Smart meters: what would it take to stop the national rollout juggernaut?
Image credit: DREAMSTIME
A shortage of installers, weak mobile network signals and interoperability problems are just some of the issues plaguing efforts to get new smart metering technology installed in millions of UK homes in the next few years.
A scarcity of trained technicians capable of installing electricity and gas smart meters is the latest setback in the rush to roll out 53 million of the devices in Britain by 2020, but concerns have also been raised about security of the power supply.
The massive infrastructure endeavour, one of the biggest in the UK currently, has already been hit by a string of setbacks that could lead to costs swelling, causing acute embarrassment for the government.
Martyn Allen from charity Electrical Safety First, which sits on the national smart meter secretariat, declares it “inevitable” that the 2020 deadline would not be met, as supply companies require “a whole army” of installers to complete the herculean task.
The programme is being implemented by energy suppliers at a cost of £11bn, which will be recouped from customers through energy bills.
Official figures for the number of certified smart-meter installers suggest there are now around 7,500 working as part of the nationwide push, but it is estimated thousands more are needed to plug current and future gaps in staff rotas.
Supplier-led research group Energy and Utility Skills says there are plans to train around 6,000 dual-fuel installers by April 2018. That number is understood to take account of rumoured high attrition rates.
British Gas is attempting to attract an influx of would-be meter technicians wishing to be trained in-house for a range of roles relating to the installation project for domestic premises. For business installations, the company uses third-party contractors.
E.On, another of the big energy suppliers, has engaged personnel provider Morrison Utility Services to bolster the ranks of its installation army.
Recruitment consultancy 3R Global has stated that smart-meter installers are in demand UK-wide and is offering to pay £250 for referrals of friends and colleagues.
Some industry insiders have suggested pay rates, combined with the sometimes complicated installation process, render the job unattractive as a career choice. Mark Krull, from Logic4Training, which provides courses for technicians, denies this is the case but admits there is “a lot of pressure to increase the workforce in a short space of time. Does that lead to pressure in the supply chain further down the line? Of course it does,” he says.

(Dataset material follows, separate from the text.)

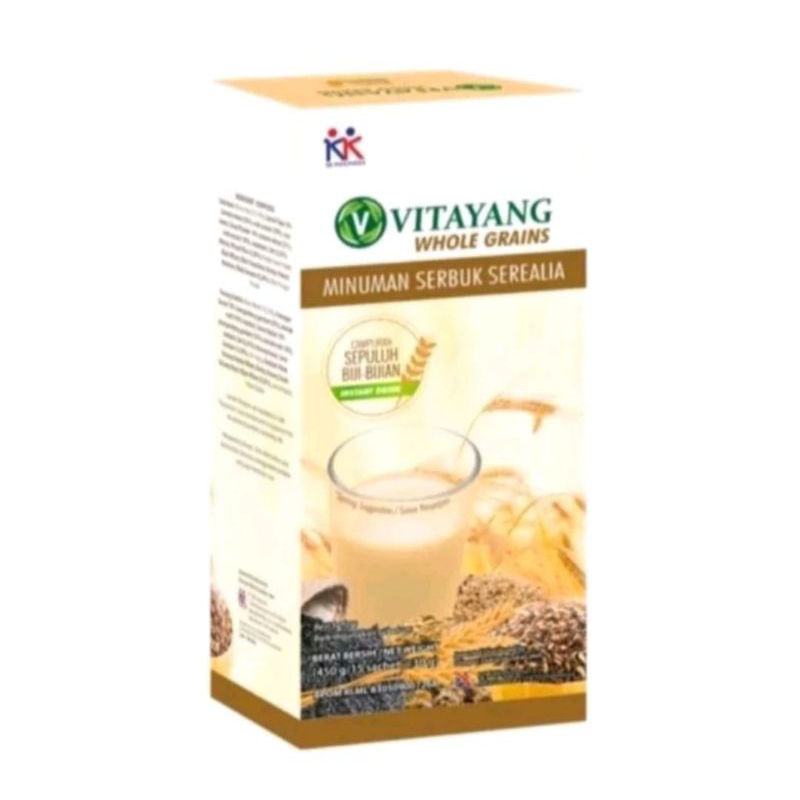

Promo Vitayang Whole Grains pengganti sereal sarapan pagi 1 box isi 15 sachet utk membantu proses detox tubuh & terapi penyembuhan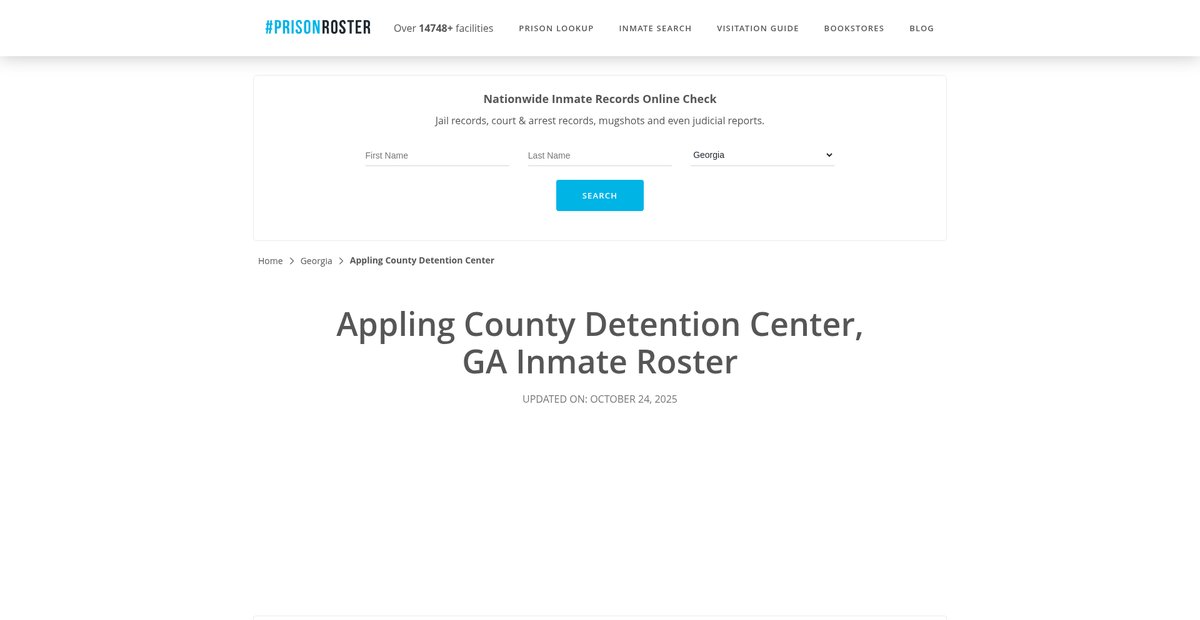 Preview of prisonroster.com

The Prime Minister’s official residence, 10 Downing Street, is among a small proportion - just 10 per cent - of UK homes that currently have smart meters.
The Department for Business, Energy and Industrial Strategy (BEIS), which is keeping tabs on the roll-out, has the devices operating in its Whitehall offices. The technology is yet to be deployed to its regional outposts in Sheffield and Aberdeen.
Around a quarter of all non-domestic meters currently function “in smart mode or with advanced functionality”, according to the latest figures from BEIS.
The European Union has decreed member states must implement smart metering across at least 80 per cent of households by 2020 wherever it is cost-effective to do so. Compared with equivalent projects elsewhere in Europe, the cost of the British programme appears high.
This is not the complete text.